Site Reliability Engineer
Location: Barcelona/Spain with a hybrid work 8 days a month in the office
Permanent Contract within an End Client – Large retail Company
Experience: minimum of 5 years of experience
Your Tasks
- Design, build, and maintain our internal Kubernetes-based developer platform.
- Partner with engineering teams to drive the adoption of Kubernetes and cloud-native technologies.
- Support deployment and operation of services in Azure and Google Cloud Platform.
- Improve observability, alerting, and system reliability through best practices and tooling.
- Automate infrastructure provisioning and CI/CD pipelines using Infrastructure-as-Code (IaC) tools.
- Champion DevOps practices and ensure alignment across teams.
- Continuously enhance the scalability, security, and resilience of our platform.
- Lead and own the design, implementation, and evolution of solutions.
Your Profile
- 4+ years of experience in Site Reliability Engineering or related roles.
- Proven hands-on experience operating and managing Kubernetes clusters.
- Strong working knowledge of both GCP and Azure cloud platforms.

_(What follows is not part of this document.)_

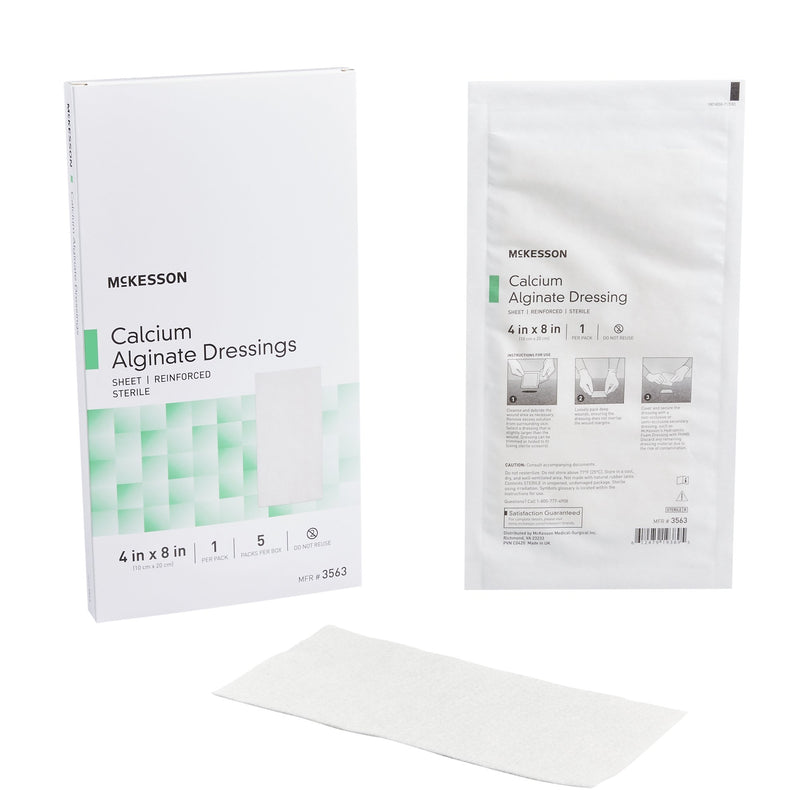 McKesson Alginate Dressing 2" x 2" 1 Each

- Solid Linux system and networking fundamentals.
- Experience with scripting or programming languages such as Bash, Python, or Go.

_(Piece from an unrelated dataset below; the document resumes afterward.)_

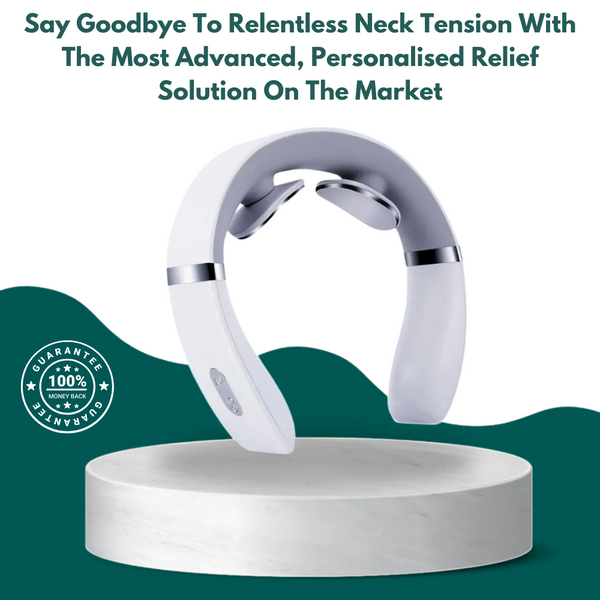 Portable Lymphatic Relief Neck Massager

- Observability and monitoring expertise using tools like Grafana Stack and OpenTelemetry.
- Proficiency with Infrastructure-as-Code tools, especially Terraform.
- Solid understanding of CI/CD workflows and modern DevOps methodologies.

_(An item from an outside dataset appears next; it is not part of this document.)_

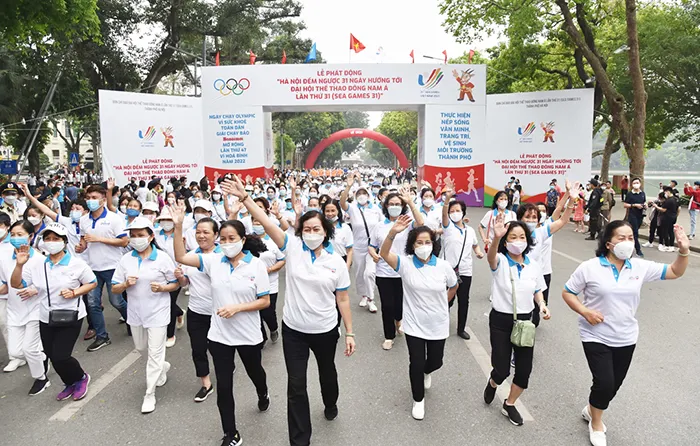 Hà Nội đếm ngược 31 ngày hướng tới SEA Games 31 ảnh 2 Hà Nội đếm ngược 31 ngày hướng tới SEA Games 31 ảnh 2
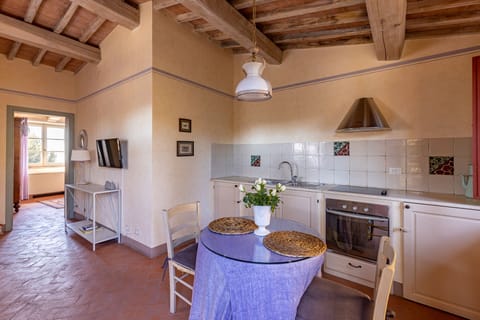 Standard Apartment, 1 Bedroom, Kitchen | Living area | TV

- Familiarity with cloud security and distributed system reliability.
- Understanding of and experience with the GitOps approach.
- Knowledge of non-relational databases, particularly MongoDB.
- Experience working with message brokers (e.g., Kafka, RabbitMQ)
- A hands-on mindset-you take ownership of your solutions from design to deployment.
- Open-minded, proactive, and capable of leading cross-functional initiatives.
- Comfortable working in agile, cross-disciplinary teams.